#### EXERCISE REQUIREMENTS:
Output each record verbatim, with pictures left out.

BEGIN EXCERPTED DATA

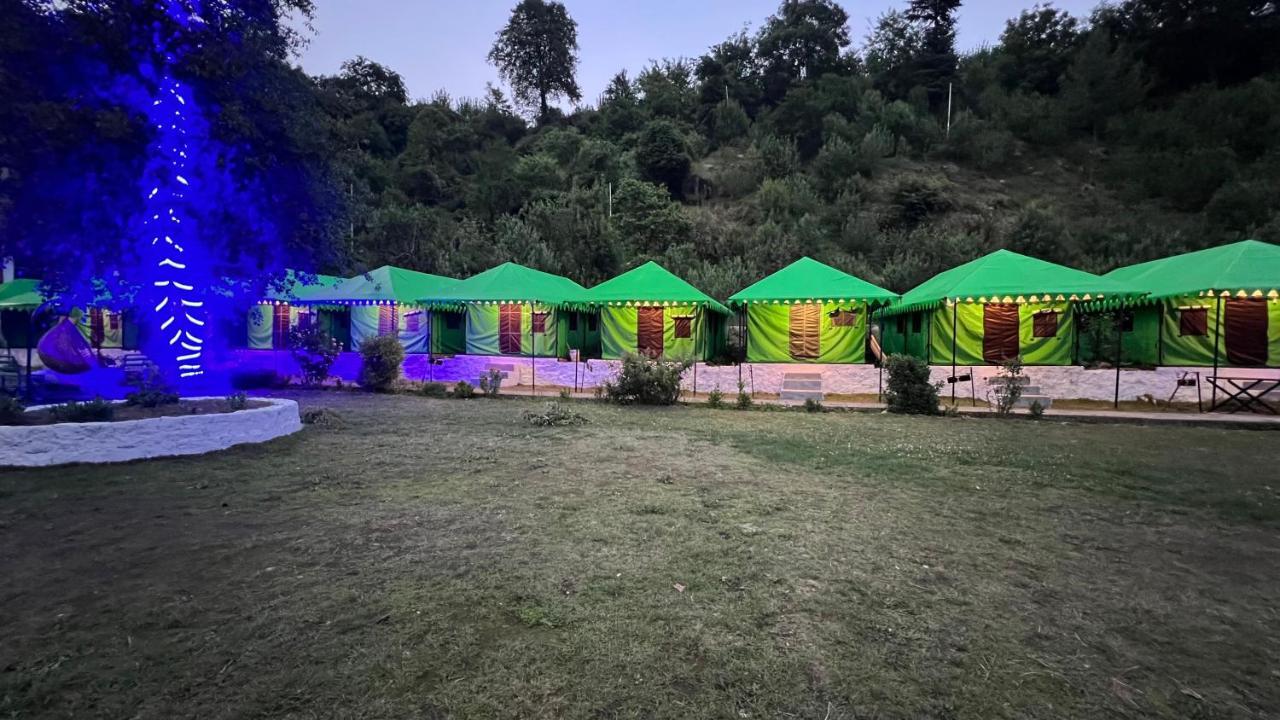 Gama Inn Manāli Екстериор снимка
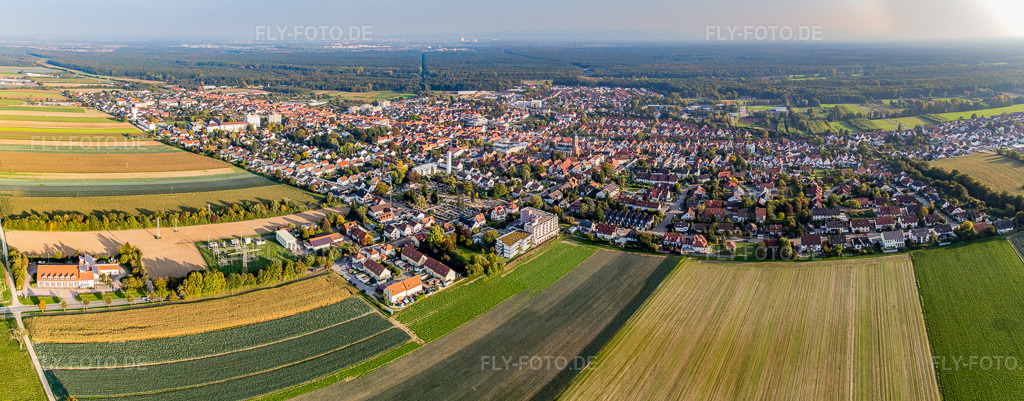Luftbild: Stadtpanorama aus Nordwesten in Kandel im Bundesland Rheinland-Pfalz in Deutschland. Foto: IMG_073879-Bearbeitet.jpg vom 03.10.2014 durch Werner Riehm/FLY-FOTO.deAuflösung des Originals: 9466 x 3706 px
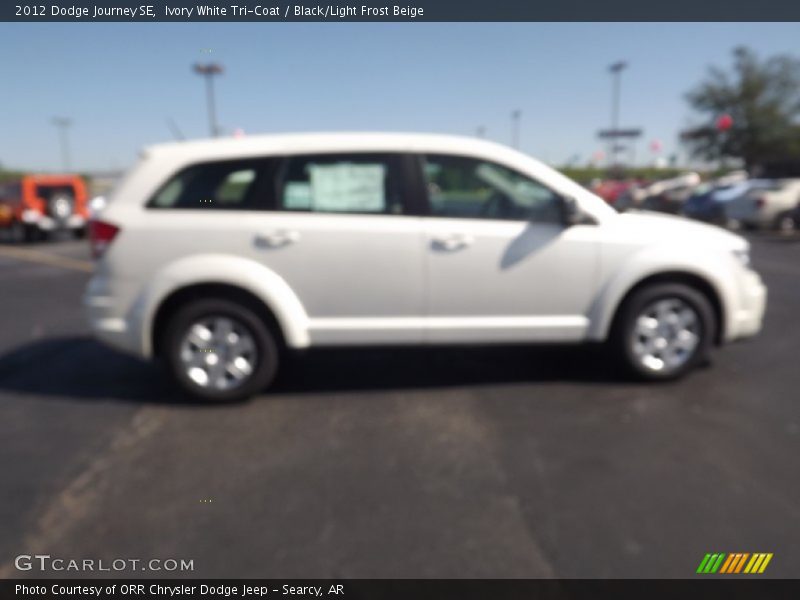 Ivory White Tri-Coat / Black/Light Frost Beige 2012 Dodge Journey SE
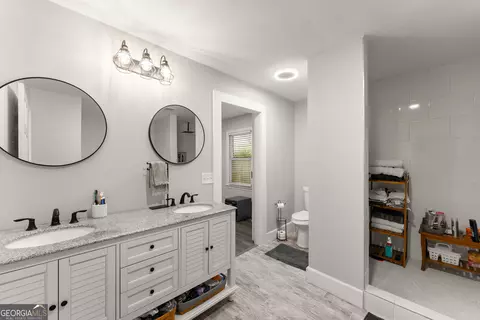Bath - 5907 Main St, Lula, GA 30554 photo 5 of 5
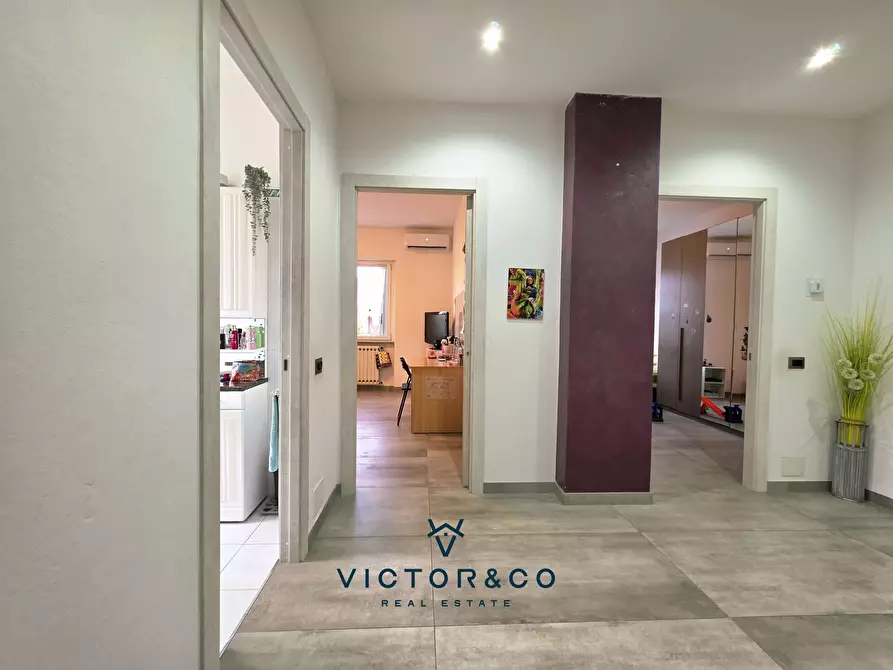 Immagine 23 di Villa in vendita  in Via Sempione sn a Marano Ticino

END EXCERPTED DATA

#### ANSWER SPACE:
 Gama Inn Manāli Екстериор снимка
Luftbild: Stadtpanorama aus Nordwesten in Kandel im Bundesland Rheinland-Pfalz in Deutschland. Foto: IMG_073879-Bearbeitet.jpg vom 03.10.2014 durch Werner Riehm/FLY-FOTO.deAuflösung des Originals: 9466 x 3706 px
 Ivory White Tri-Coat / Black/Light Frost Beige 2012 Dodge Journey SE
Bath - 5907 Main St, Lula, GA 30554 photo 5 of 5
 Immagine 23 di Villa in vendita  in Via Sempione sn a Marano Ticino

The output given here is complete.